Still, I ran from the Lord for nearly two more years. Wherever I went, however, the Lord had a witness there for me. I was at a drinking party one evening, nursing a beer along. My father was one of the most successful anti-drinking proponents I’ve ever met. I didn’t particularly care for the flavor of beer, but drinking was what you were supposed to do at a drinking party, so I usually sipped one beer for the entire evening (except for what I could secretly contribute to a nearby houseplant).

This evening, I was sitting across the room from a more dedicated drinker. He must have been watching me, for at one point he blurted out, “You really don’t belong here do you?” He was right.

Eventually, I developed a relationship with an individual who was involved with the occult. One day I found a “baggie” with a burned substance inside. “What’s this?” I asked, little prepared for the answer. “It’s a spell,” they answered. And more disturbing things began to happen.

It was during this time that I made the acquaintance of Jim Miller, who was hired for the summer at a plant where I was working. We were teamed together to operate a machine that sliced fir boards into slats, which would eventually become kite sticks.

During the time that I was working with Jim, he often witnessed to our fellow workers. He didn’t often confront me, but I happened to be present at most of the conversations he had with others and heard the entire exchange. One evening, another worker came up to me and waved a gospel tract under my nose. “Beware,” he warned, “your co- worker is handing these things out.” I took it from him, read through it quickly, and then handed it back. “But this is true,” I said. He shook his head at me and went off to do his work.

At the end of August, Jim quit and went back to his position at Central Oregon Christian School. For myself, the “disturbing” things I had mentioned began to increase. One evening, things all came to a head. This individual with whom I had a relationship manifested another personality and began telling me all the things that they had been doing. It was the most disturbing and fearful time I have ever experienced. I became aware of my helplessness and my inability to change circumstances.

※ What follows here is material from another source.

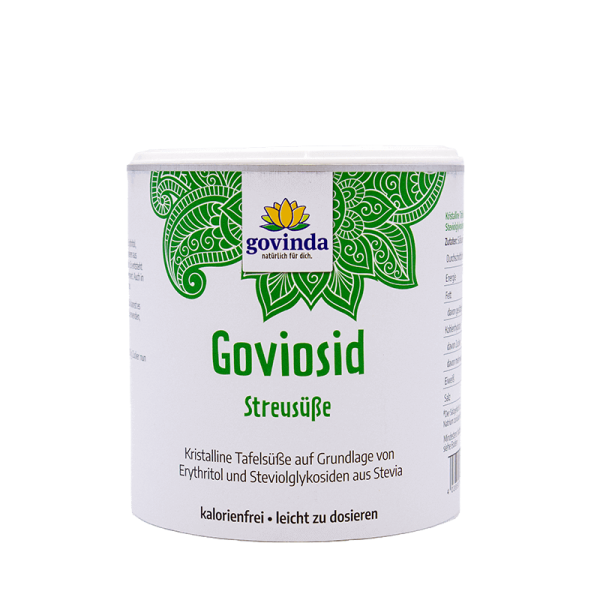 Goviosid: Kristaline Tafelsüße mit Erythritol & Steviolglycosiden. Zuckersparen ohne Verzicht | vegan ✓ 100 % natürlich ✓ kalorienarm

When I went to work that night, my mind was so wrapped up in my problems that I walked right past several coworkers who greeted me and later asked why I had ignored them. I sat in the rear of the break room, thinking, “What shall I do…what can I do?”

The start of our shift was marked by a bell ringing. I didn’t hear it that night. When I finally looked at the clock, it was five minutes past time to start work. I walked into the supervisor’s office and said, “I can’t go to work tonight. I need to talk to a pastor, a priest, or maybe a psychiatrist. The most horrible thing has happened.” Without batting an eye, the supervisor told me, “Go talk to Jim Miller.” I had ridden my bicycle to work, so he even drove me to Jim’s house. I worked a graveyard shift and it was now past midnight. I knocked on Jim’s door, and he got up and let me in. I poured out my story and asked him, “Do you think this person is possessed?” “I don’t know” he said. “But I do know that you can’t do anything to help. What you can do is surrender your life to the Lord Jesus Christ… or you can go back home.” I thought about how this choice would drive away most of my friends. Then I thought about my present state and said, “I’m not going back.” I knelt down, repented, confessed my sin before the Lord and received Him as my Lord and Savior. As I began praying, His peace swept over me and the fear was gone.

Since then, the Lord has led me. I haven’t always followed his directives at the moment of instruction, but I have learned that it is better to obey. I have learned that there is no place where I can go to flee from His presence. That is no longer a challenge – it is a blessed assurance.